10. If the revision petitioner-defendant is aggrieved by the judgment and decree passed by the trial court and has a contention that the trial court has committed an error of law or procedure, the remedy available to him is to challenge the decree in appeal or revision or in other appropriate proceedings before the appropriate forum. He cannot contend that the decree is a nullity or not executable on the ground that an error of law or procedure is committed by the trial court. From the contentions raised by the revision petitioner it is clear that his only contention is that the trial court accepted the affidavit produced by the plaintiffs as evidence without the permission of the court under O. 19 R. 1 of the C.P.C. and committed an error of law in accepting the evidence by affidavit which is not evidence at all under S. 3 of the Evidence Act.

11. Court s having competent jurisdiction even if passed a decree by committing an error of law or procedure, the decree binds the parties, if the decree or judgment is passed by the court after complying with the necessary legal formalities.

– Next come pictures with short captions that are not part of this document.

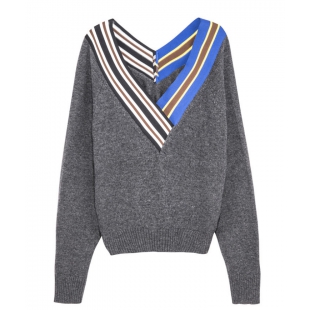 周冬雨同款浅蓝色中长款衬衫+深V拼接灰色针织衫上衣套装女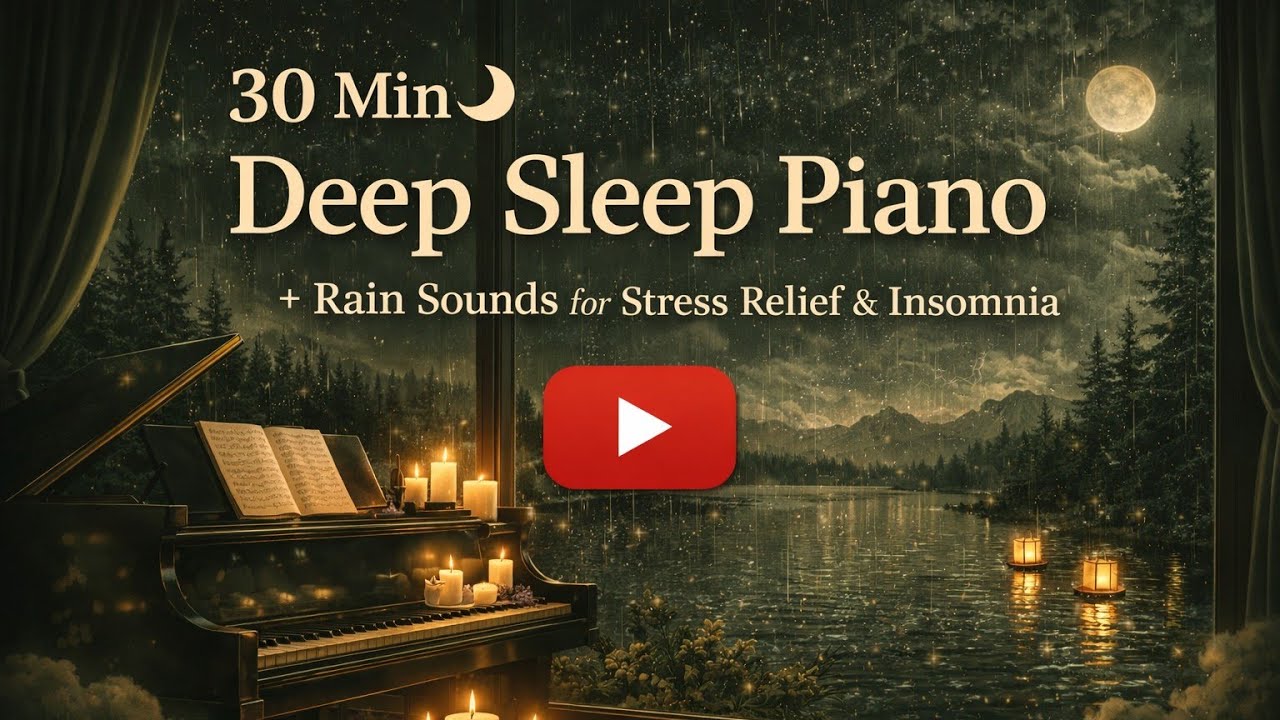 30 minutes Relaxing Piano & Rain Sounds for Deep Sleep 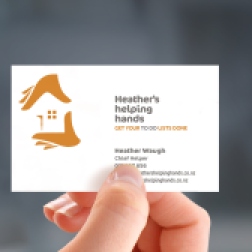 Heather’s helping hands’ business card, two colour, two-sided design.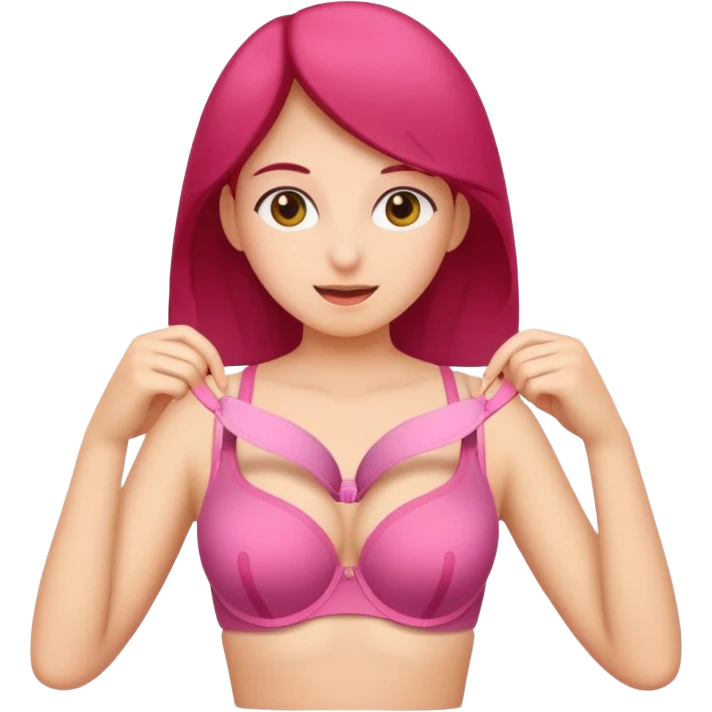 A girl opening bra emoji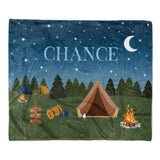 Camping Summer Camp Minky Blanket Personalized Custom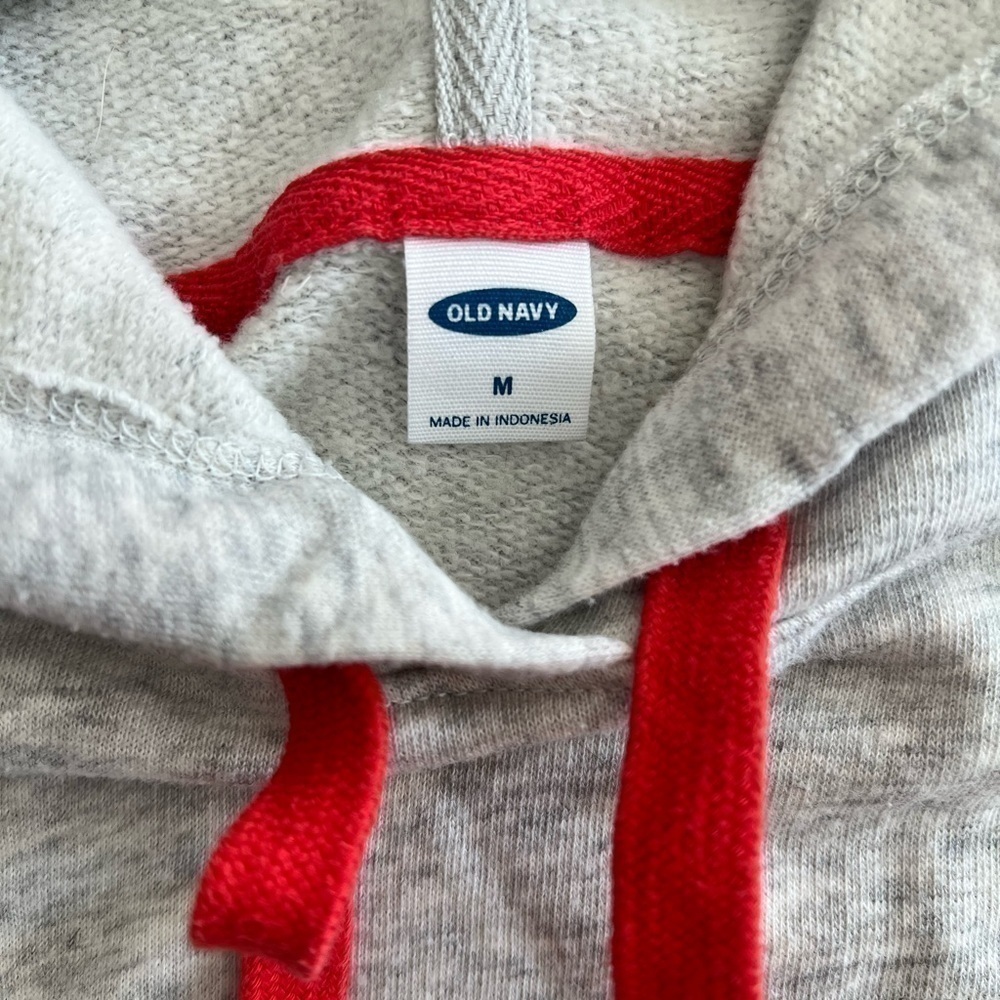 Old Navy Heather Grey Hoody with Red Drawstrings Size Medium - Picture 3 of 9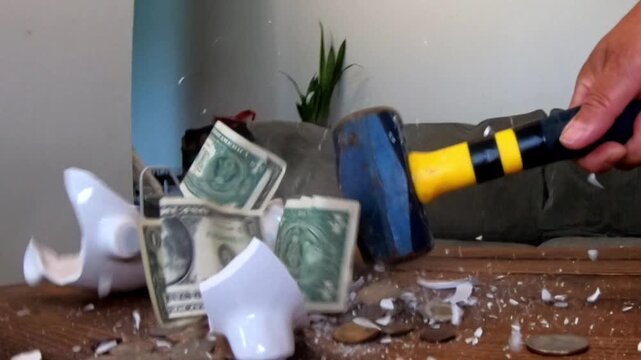Hand smashing a white piggy bank with a hammer in slow motion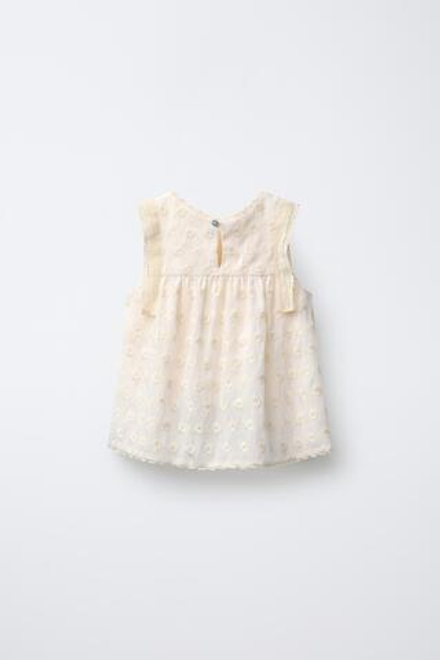 ZARA ТОП С ВЫШИВКОЙ И КРУЖЕВОМ, ЭКРЮ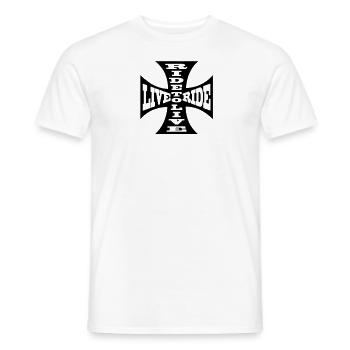 reiten, um Live live to ride - Männer T-Shirt - Weiß - Vorne - AI Model Male 178 dark (178cm)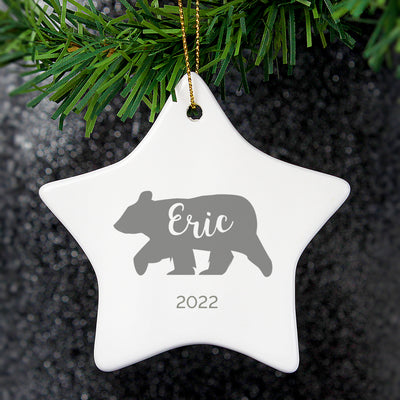 Personalised Polar Bear Ceramic Star Decoration Christmas Decorations Everything Personal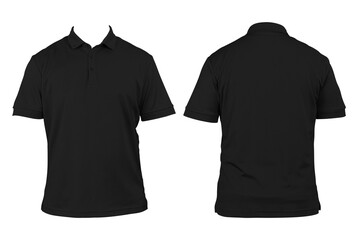Wall Mural - Blank shirt neck mockup template, front and back view, isolated black, plain t-shirt. Mockup. Printable polo shirt design presentation, clipping path.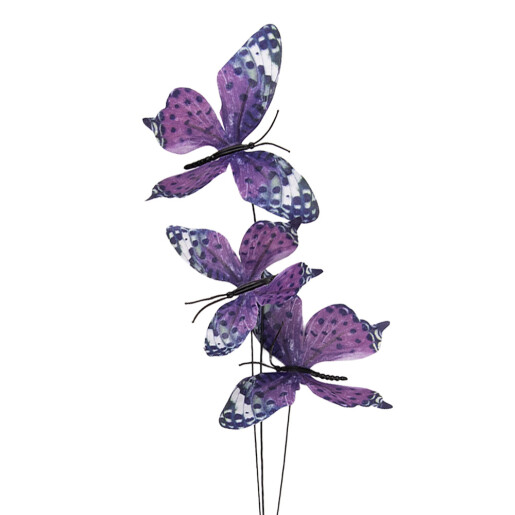 Crenguta decorativa Fluturasi violet III 10x10x65 cm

Since such decrees are binding upon the parties to the suit or proceedings and their representatives-in-interest, they cannot take a contention before the executing court that the decree is not executable and the executing court cannot entertain such contentions and go behind the decree. If the judgment and decree are erroneous in law or on the facts, unless and until they are set aside in appropriate proceedings before the appropriate forum, they are binding upon the parties and their representatives-in-interest. Therefore, the contention raised by the revision petitioner that the ex parte judgment and decree passed in this case against him are null and void ab initio as they are based on no evidence and as such the decree is not executable, is not sustainable and the lower court rightly negatived that contention.

12. The argument advanced by the counsel for the revision petitioner that since suits for specific performance of contract involve mutual rights and obligations on the plaintiff and the defendant, unless and until the plaintiff establishes before the court that he had been ready and willing to perform his part of the contract, a decree cannot be passed and therefore, as the respondents have not adduced any evidence in that regard, the above decree passed against him ex parte is not executable, is also not sustainable. The trial court found on the basis of the evidence on record that the respondents were ready and willing to perform their part of the contract and accordingly passed the decree for specific performance against the revision petitioner. Even if the trial court went wrong in appreciating the evidence in passing the judgment and decree, the remedy available to the revision petitioner is to challenge the same in appropriate proceedings before the appropriate forum. In an execution proceeding and defendant-judgment debtor cannot be heard to contend that the decree is not executable since the decree is passed on wrong appreciation of evidence or insufficient evidence.

Under the circumstances it is clear that all the contentions raised by the revision petitioner against the validity and executability of the decree in this case, are absolutely unsustainable and the executing court rightly negatived those contentions. Therefore, there is absolutely no merit in the challenge against the order passed by the lower court. Hence the C.R.P. is dismissed confirming the order passed by the lower court.